Don’t hit your sister!  Stop kicking your brother!  Don’t make me come back there!  Sometimes it takes all the willpower we have as children to obey.  As adults – well I’m not sure it’s much different.  If we get frustrated as parents, as adults, how must God feel?  Many of us have an approach-avoidance response to obeying God.  Often we quite intentionally seek God’s guidance for spiritual growth and fulfillment.  Then when God’s intention and call conflicts with what our vision for our future is – we pull back.  We run away from God.  How like Jonah we are. 

If you were anywhere near a church when you were growing up – you heard the Bible story about Run–Away Jonah and the great fish.  But, if you were not that near to a church, Sunday School, Vacation Bible School and flannel board stories, or even a Bible – you still, no doubt, have heard about Jonah.   And perhaps what you have heard or remember could be a little dim Today and the next two Sundays we are going to get re-acquainted with Jonah, …and ourselves, and God, in a different way.  Mostly we will learn about God.  For, you see, this is a book about God, not a book about fish.

            The first ingredient listed in packaged food is the main ingredient – the one ingredient mostly used in the making of the product.  The first significant word in this Book of Jonah is the “Lord”.  “The word of the Lord….”  God is the main character or ingredient in this book.

So at the very beginning, God speaks to Jonah.   The passage never states that Jonah is a prophet.  This Book is about the common person – you and me, and God.   Jonah hears God tell him to go at once to the great city of Nineveh .  God tells him to “cry out against it, because their wickedness has come before Him.”  God has determined to judge the people there.

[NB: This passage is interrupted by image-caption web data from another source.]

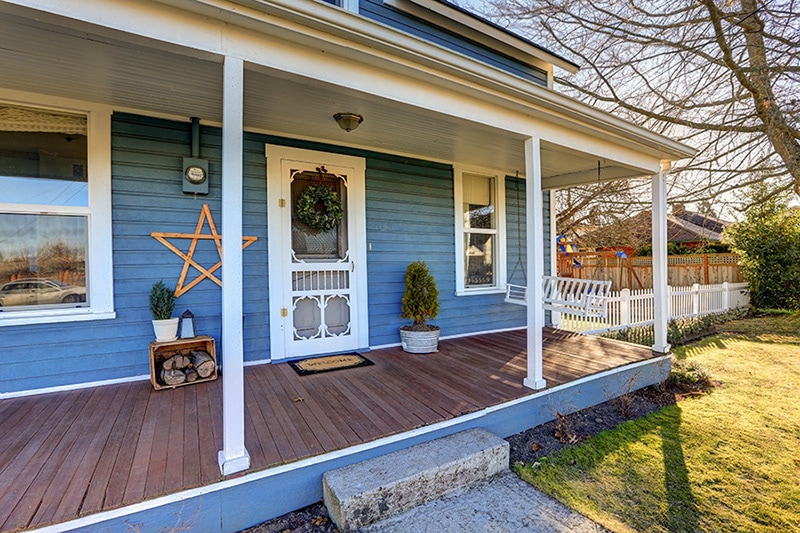 Front of blue house with a wooden deck, How to Save Money on Your Air Conditioning & Energy Bill in the Summer
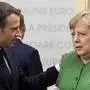 German Chancellor Angela Merkel, right, speaks with French President Emmanuel Macron, center, during a round table meeting at an EU summit in Sibiu, Romania, Thursday, May 9, 2019. European Union leaders on Thursday start to set out a course for increased political cooperation in the wake of the impending departure of the United Kingdom from the bloc. (Ludovic Marin, Pool Photo via AP)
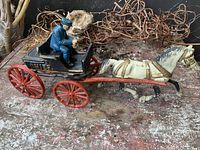 Full view of cast iron fire chief wagon with horse, driver, red wheels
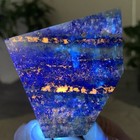 158G Natural lapis lazuli mineral flaky crystal under UV light — photo 6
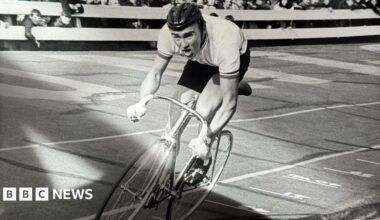 A black and white photo of a man cycling on a track looking strained as crowds cheer him on
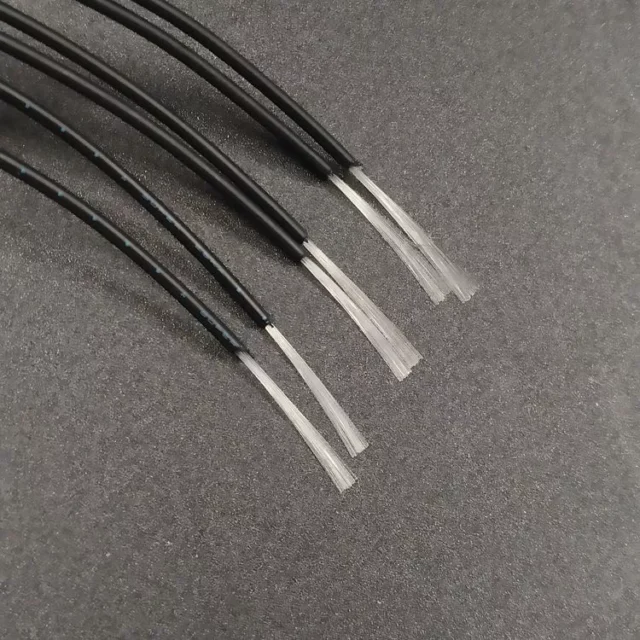 Black PE-jacketed Asahi POF cables stripped back to clear PMMA fibers
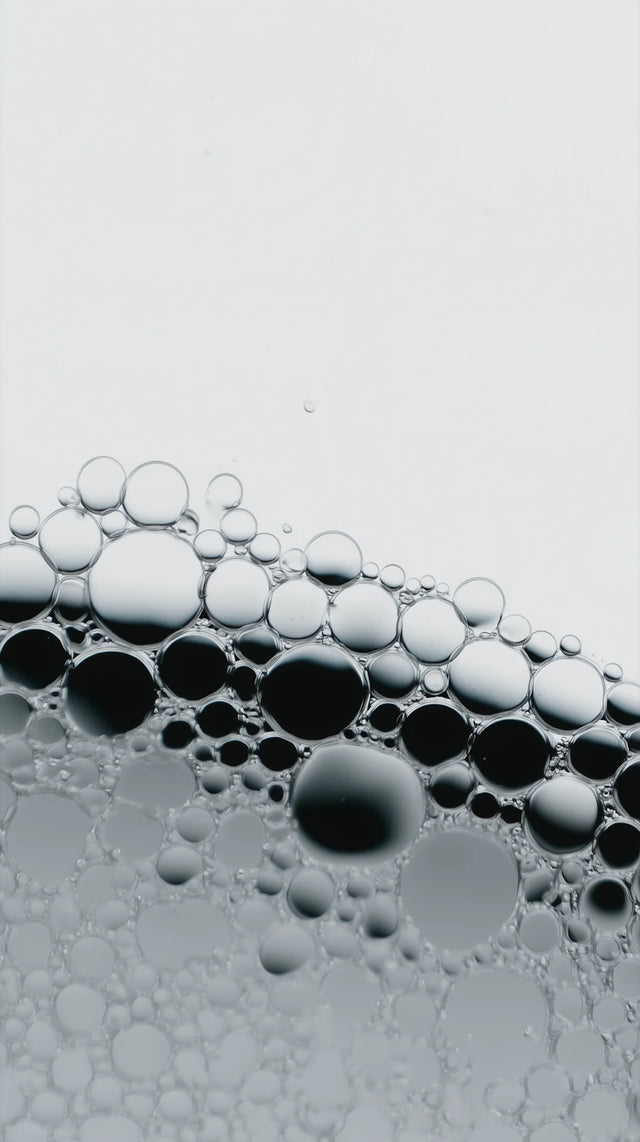 Close-up of bubbles on a gray background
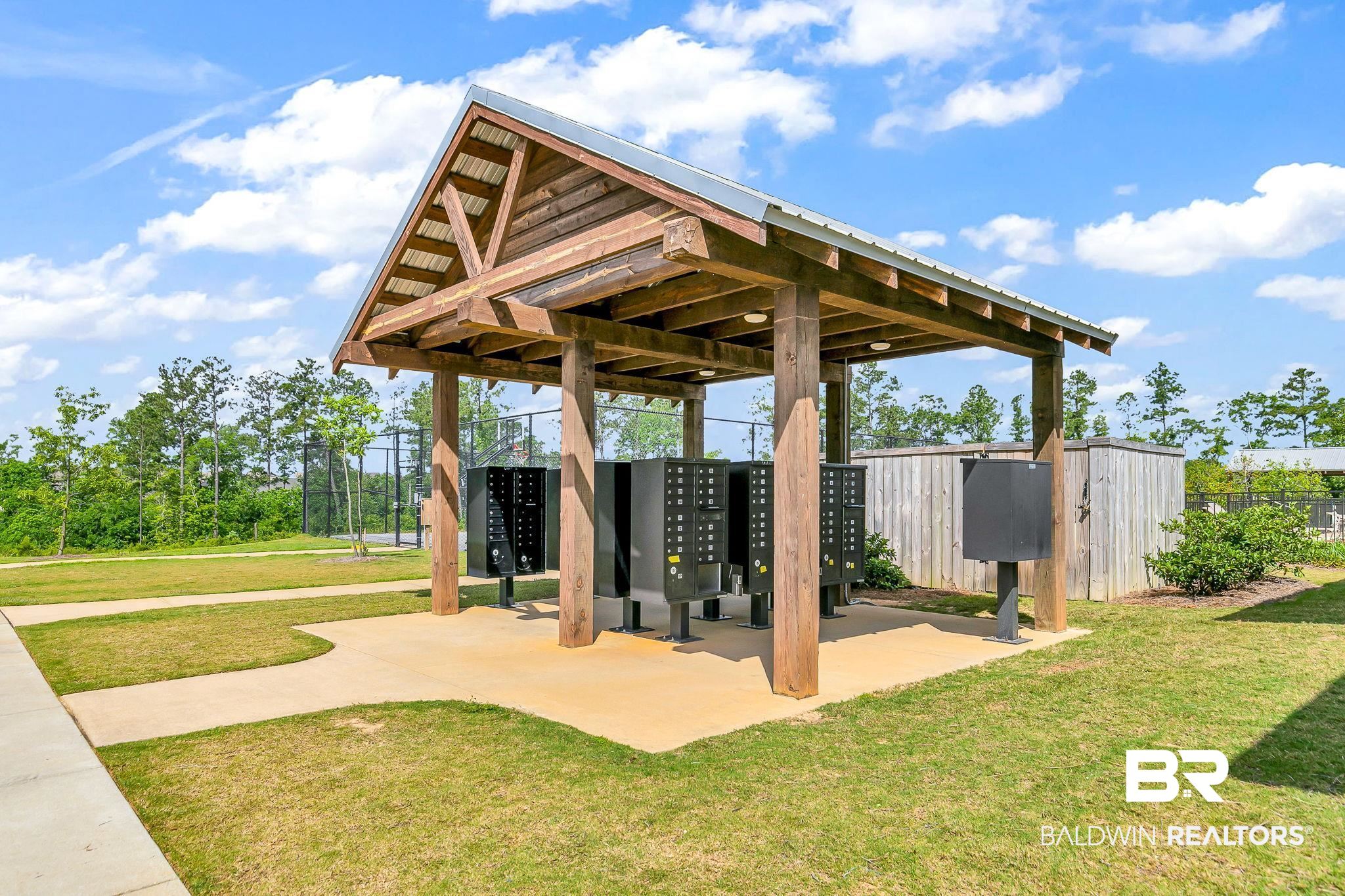 13233 Ibis Boulevard Daphne, AL 36527 - Photo 79 of 100 Covered outdoor structure featuring a metal roof and exposed wood beams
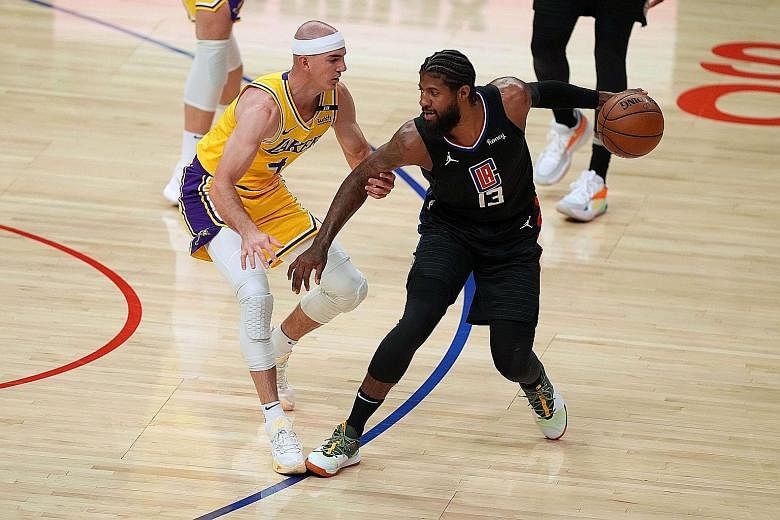 Clippers guard Paul George finding his way blocked by Lakers guard Alex Caruso. George led the Clippers' scorers with 24 points.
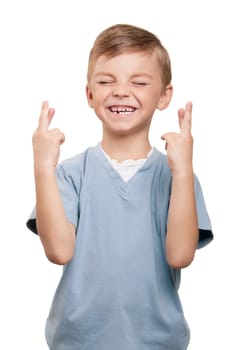 Portrait of superstitious little boywith crossed fingers over white background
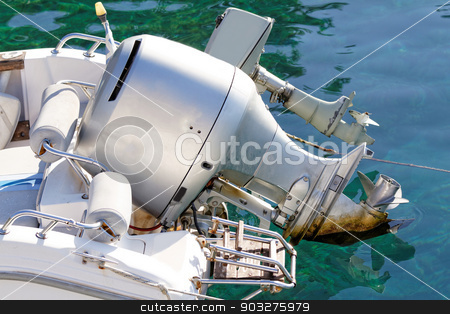 To use this stock image in your creative project, please select the size you need over to the right and click the "Add to Cart" button.
Your downloaded image will come with the Cutcaster watermark removed so don’t worry about the watermark you see on this page. Motorboat engine stock photo, Photo of a grey motorboat engine in the sea by Nneirda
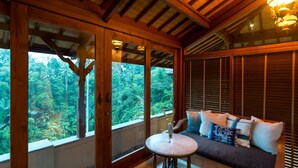 Un interior de madera con sofá y mesa, ventanas amplias con vistas a la vegetación.
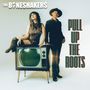 "THE BONESHAKERS" oben links, "PULL UP THE ROOTS" rechts; Frau auf Vintage-TV, Mann steht daneben in dunkler Kleidung.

            Jonah certainly hears God.  But Jonah, turns tail, and heads immediately in the exact opposite direction from Nineveh .  As a matter of fact, he sets out to go as far away as he can.  Why does this called man of God go to such lengths to escape God’s call?

            We can say, that like us, Jonah was human.  I think we all try to escape God, His call and His plan at least once in our lives.  But I think there is something more going on here for Jonah.  Nineveh is the capital of the Assyrian Empire.  It is the world power at that time.  It is a great city – in size AND in its evilness.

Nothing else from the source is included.